Ärzte ohne Grenzen fordern: G8-Staaten müssen Versprechen umsetzen

Zum G8 Gipfel in Kanada

Die "Neue Partnerschaft für die Entwicklung Afrikas" (NEPAD), eine Initiative reformorientierter afrikanischer Staaten, kann von der Bundesregierung maßgebliche Unterstützung erwarten. "In diesem und im nächsten Jahr werden insgesamt rund 110 Millionen Euro bereit stehen, um dieser Vision von einem neuen Afrika Schwung zu verleihen", erklärte Bundesentwicklungsministerin Heidemarie Wieczorek-Zeul am Vortag des G-8-Gipfels in Kanada, wo ein Afrika-Aktionsplan beschlossen werden soll. "Wir fördern damit afrikanische Eigenanstrengungen, vor allem in den Bereichen Krisenprävention, Wirtschaftsförderung, Bildung und Gesundheit", betonte Wieczorek-Zeul.
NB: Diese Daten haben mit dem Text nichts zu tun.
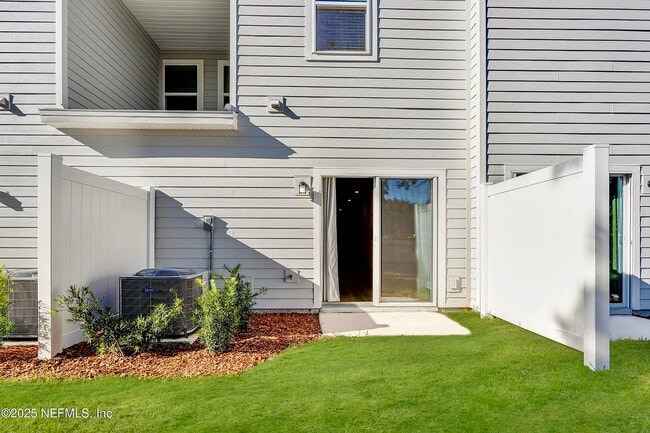 Building Photo - 563 Holly Lks Dr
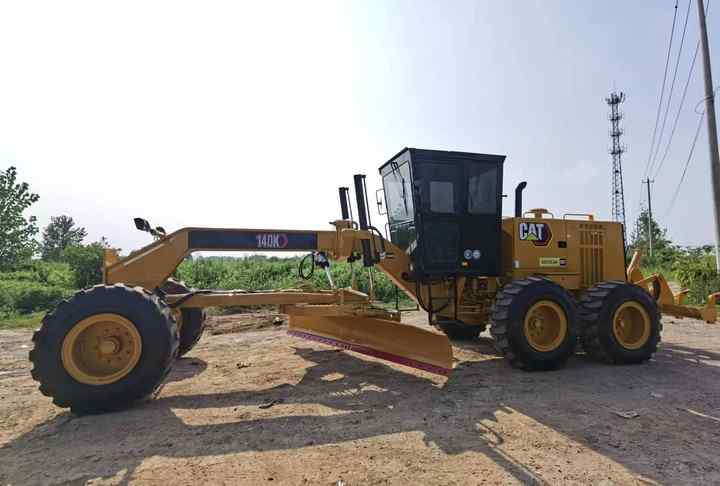 Used Caterpillar CAT 140k Land Road Motor Grader CAT140k Used Grader Cheap Price for Sale - Motoniveladora: foto 5 Used Caterpillar CAT 140k Land Road Motor Grader CAT140k Used Grader Cheap Price for Sale - Motoniveladora: foto 5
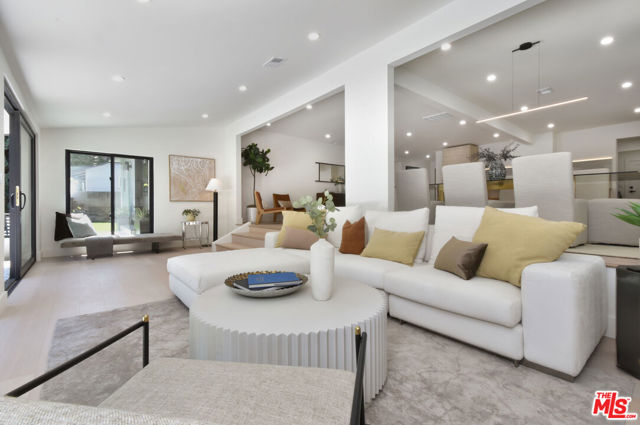 15431 Milbank Street, Encino CA: https://media.crmls.org/mediaz/bc611170-9636-4452-9985-734e4b684b7c.jpg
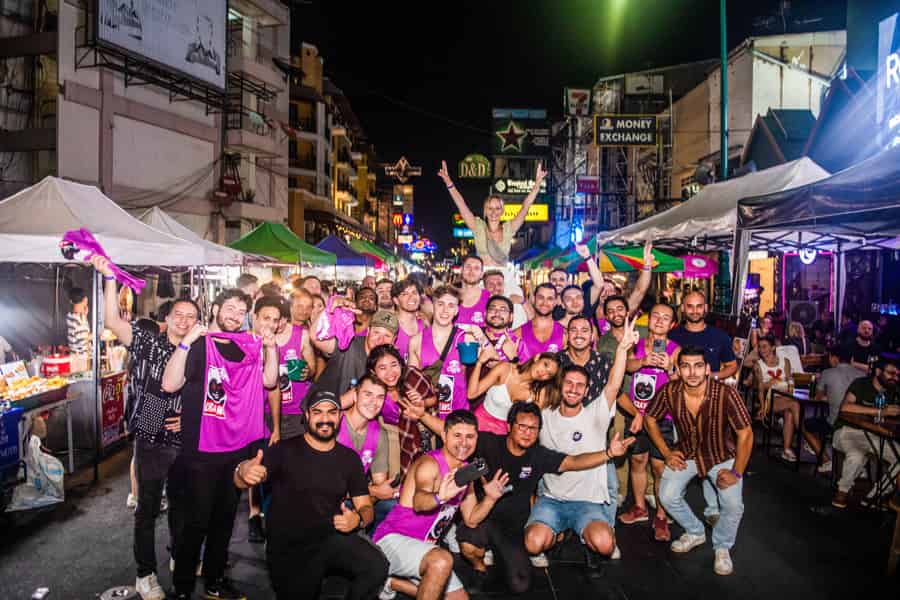 Mad Monkey Bangkok Kneipentour. Foto: GetYourGuide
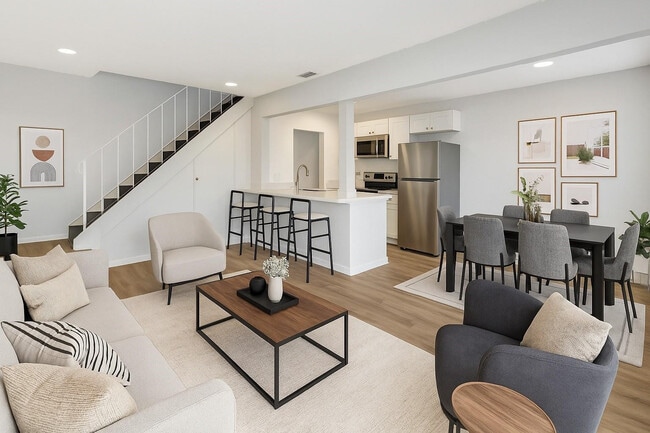 Building Photo - 900 E Tiffany Dr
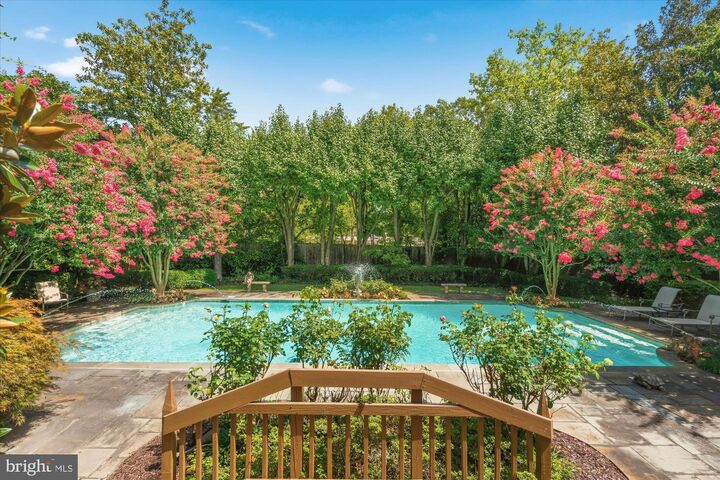 Property Photo: 7200 Ludwood Court VA 22306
Die Regierungen der G8-Staaten müssen ihren Ankündigungen endlich Taten folgen lassen und den Zugang zu effektiven und bezahlbaren Medikamenten in Entwicklungsländern sicherstellen. Dies fordert die internationale medizinische Hilfsorganisation „Ärzte ohne Grenzen“ anlässlich des G8-Gipfels in Kanada.
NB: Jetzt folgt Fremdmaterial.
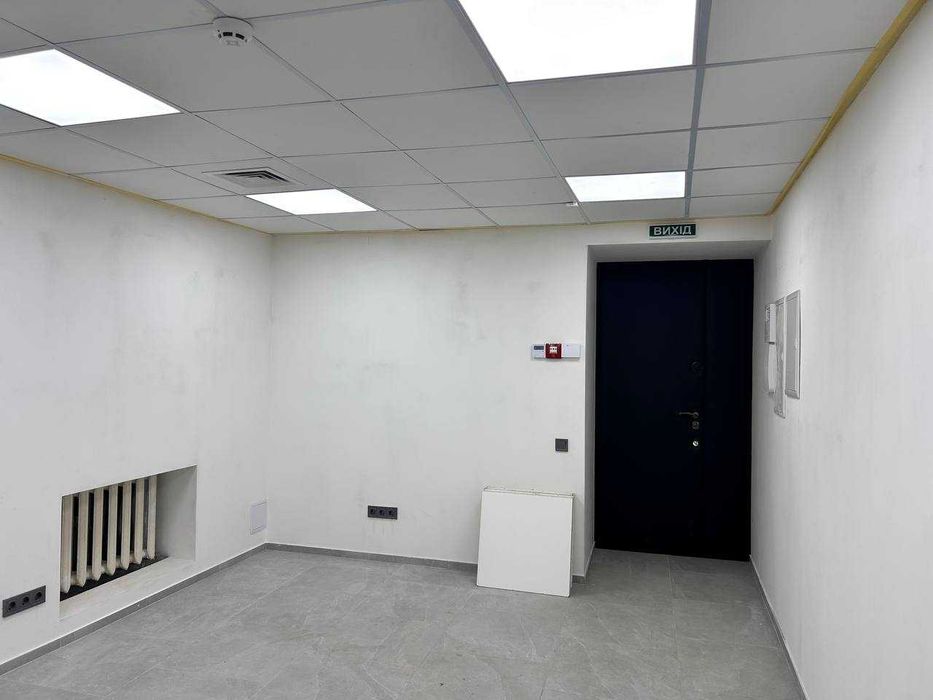 Продаж нежитлового приміщення 170 кв.м. центр, вул. Володимирська, 6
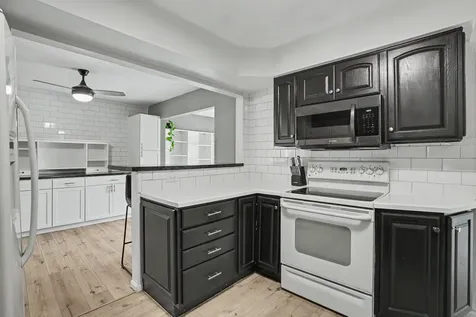 1705 88TH Avenue W Rock Island IL 61201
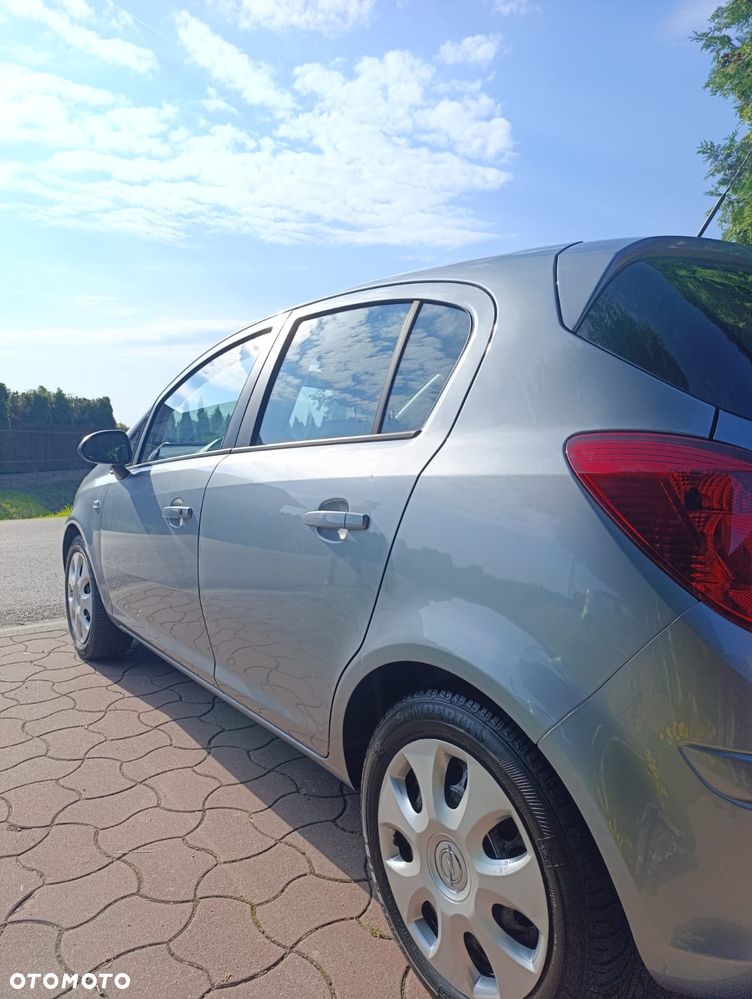 Opel Corsa 1.4 16V Cosmo - 28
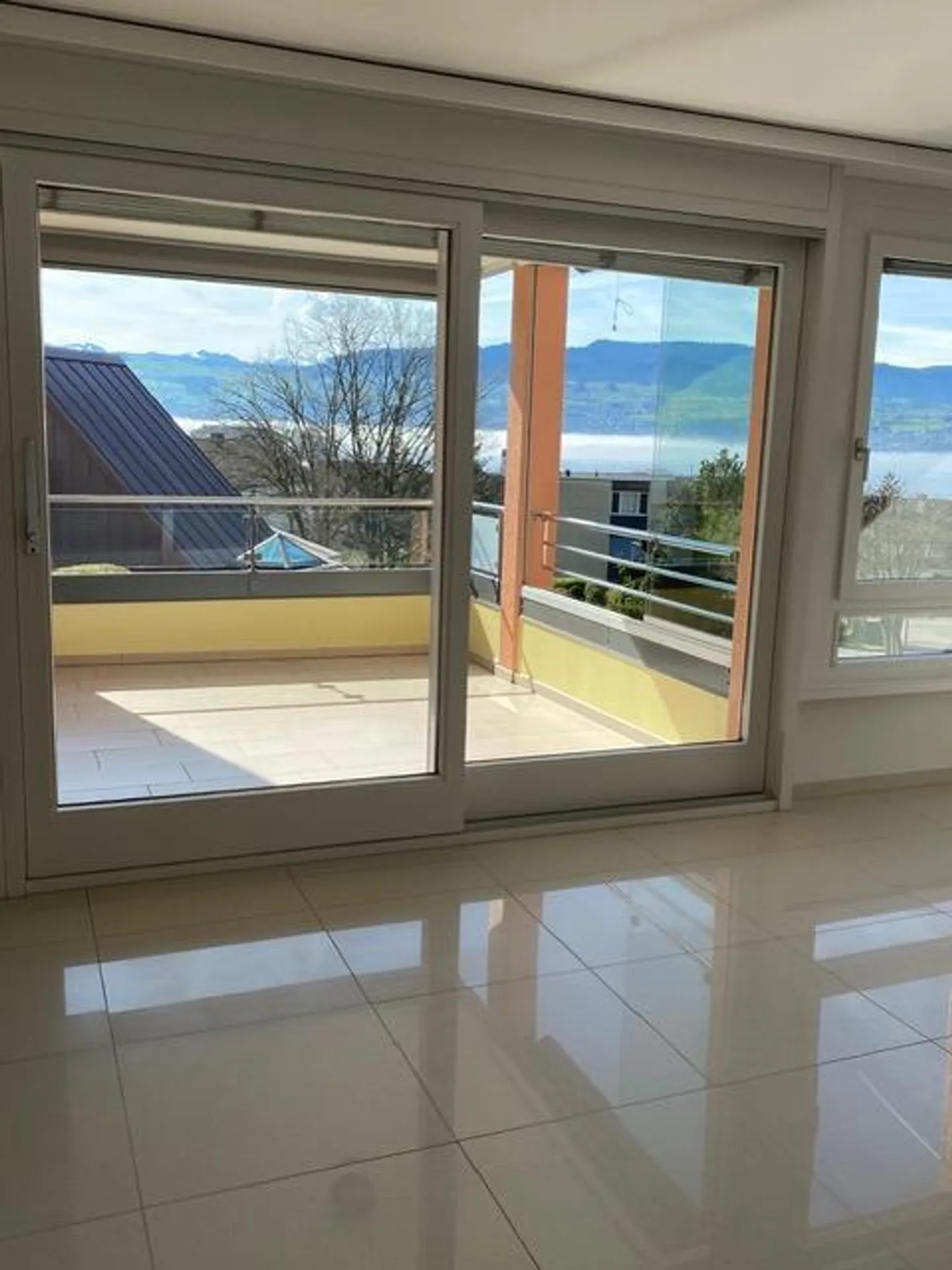 Appartement 4,5 pièces avec vue sur le lac - Photo 13 sur 14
Ein Drittel der Weltbevölkerung verfügt heute über keinen angemessen Zugang zu wichtigen Medikamenten, in einigen Ländern Afrikas trifft dies sogar auf 50 Prozent der Bevölkerung zu. Für die große Mehrheit der HIV-Infizierten außerhalb der G8-Staaten ist eine Behandlung mit den gängigen antiretroviralen Medikamenten ein unerreichbarer Traum. 20 Jahre nach dem Ausbruch der Aids-Epidemie ist die Verbreitung der Krankheit noch immer nicht eingedämmt: 20 Millionen Menschen sind bereits gestorben, weitere 40 Millionen sind heute weltweit HIV-infiziert. Nur ein Bruchteil der Infizierten und Kranken hat Zugang zu einer Behandlung.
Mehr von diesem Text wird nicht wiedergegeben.